Exercise objective: The reply should hold every line of the listing exactly, and none of its images.

Given information:

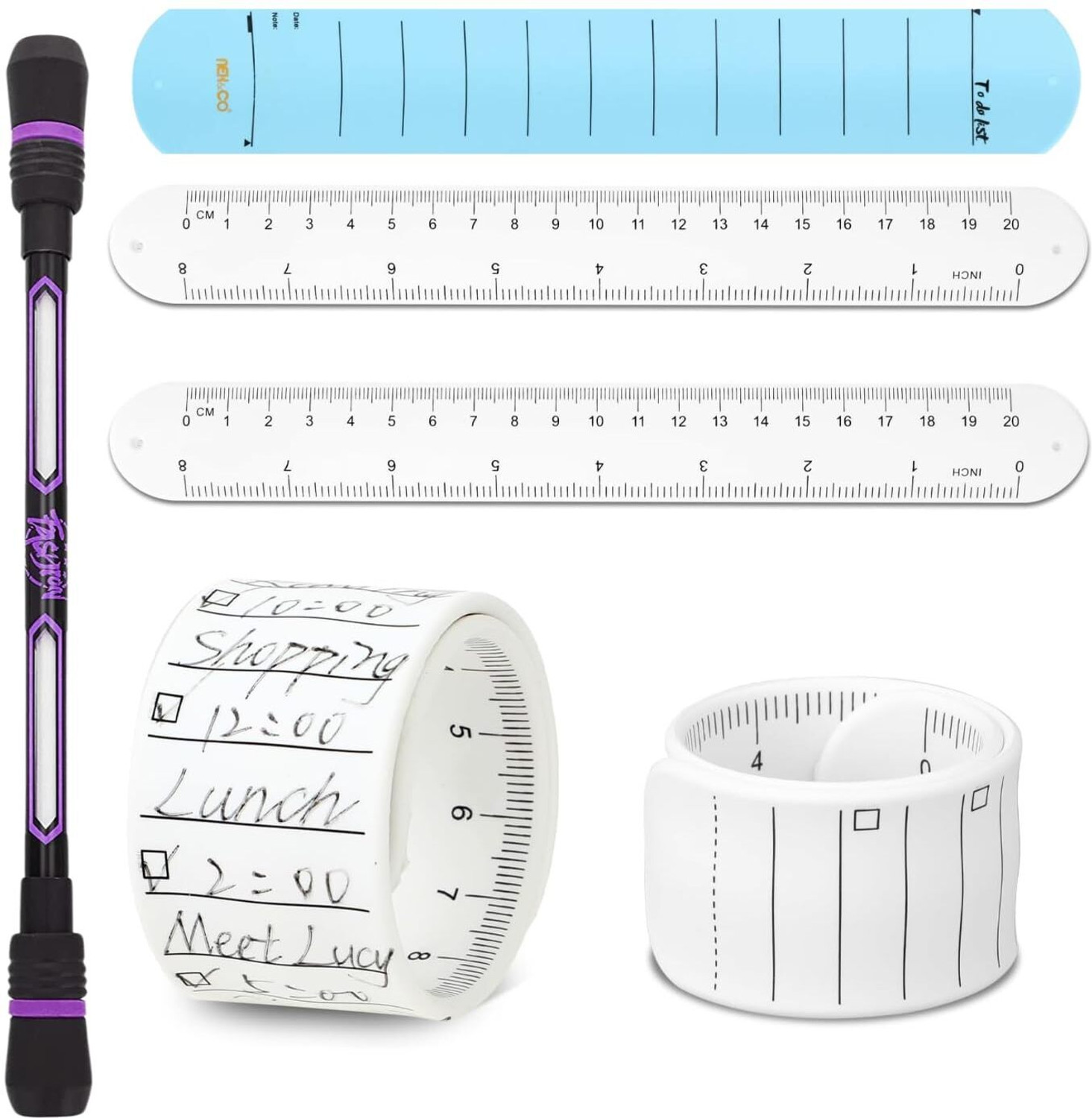 Image of TWINZEN 2Pcs Slap Silicone Reminder Bracelet, Reusable Wearable Wrist Notepad Boys & Girls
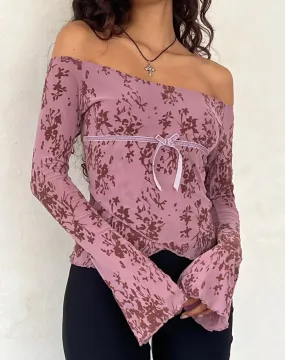 Kareena Long Sleeve Bardot Top in Abstract Botanic Mauve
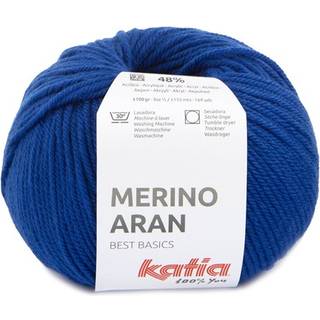 Katia Merino Aran 104 Mint Indhold: 52% superwash merinould, 48% akryl Vægt/længde: 100 g = ca. 155 meter Anbefalede pinde: 4.5-5.5 mm Strikkefasthed: 10 x 10 cm = 16 m x 20 p Vask: Finvask 30℃ / Kan tørretumbles.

Result of the task:
 Image of TWINZEN 2Pcs Slap Silicone Reminder Bracelet, Reusable Wearable Wrist Notepad Boys & Girls
 Kareena Long Sleeve Bardot Top in Abstract Botanic Mauve
 Katia Merino Aran 104 Mint Indhold: 52% superwash merinould, 48% akryl Vægt/længde: 100 g = ca. 155 meter Anbefalede pinde: 4.5-5.5 mm Strikkefasthed: 10 x 10 cm = 16 m x 20 p Vask: Finvask 30℃ / Kan tørretumbles.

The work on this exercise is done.